Stable topological modes in two-dimensional Ginzburg-Landau models with trapping potentials

TL;DR

This paper demonstrates the existence of stable crater-shaped vortex solitons with vorticity S=1 in two-dimensional Ginzburg-Landau models with external trapping potentials, expanding the understanding of vortex stability in laser media.

Contribution

It introduces stable S=1 vortex rings in 2D Ginzburg-Landau models with different external potentials, a novel finding in the context of vortex stability.

Findings

Stable S=1 vortex rings identified in both parabolic and periodic potentials.

Unstable S=2 vortices split into stable tripoles.

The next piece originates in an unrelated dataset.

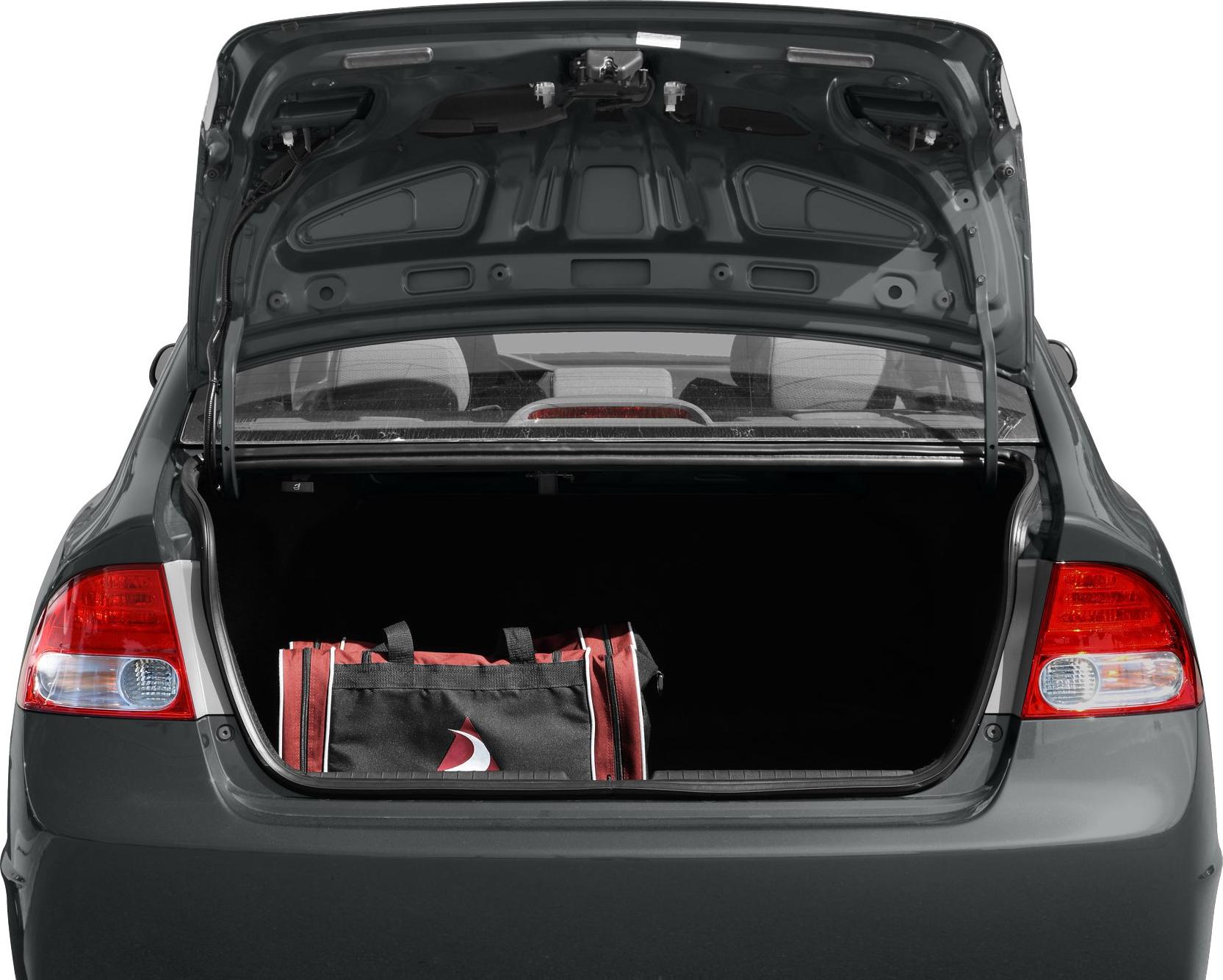 Open car trunk showing spacious cargo area with a bag inside.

Periodic potential stabilizes quadrupoles with S=2.

Abstract

Complex Ginzburg-Landau (CGL) models of laser media (with the cubic-quintic nonlinearity) do not contain an effective diffusion term, which makes all vortex solitons unstable in these models. Recently, it has been demonstrated that the addition of a two-dimensional periodic potential, which may be induced by a transverse grating in the laser cavity, to the CGL equation stabilizes compound (four-peak) vortices, but the most fundamental "crater-shaped" vortices (CSVs), alias vortex rings, which are, essentially, squeezed into a single cell of the potential, have not been found before in a stable form. In this work we report families of stable compact CSVs with vorticity S=1 in the CGL model with the external potential of two different types: an axisymmetric parabolic trap, and the periodic potential. In both cases, we identify stability region for the CSVs and for the fundamental solitons (S=0). Those CSVs which are unstable in the axisymmetric potential break up into robust dipoles. All the vortices with S=2 are unstable, splitting into tripoles. Stability regions for the dipoles and tripoles are identified too. The periodic potential cannot stabilize CSVs with S>=2 either; instead, families of stable compact square-shaped quadrupoles are found.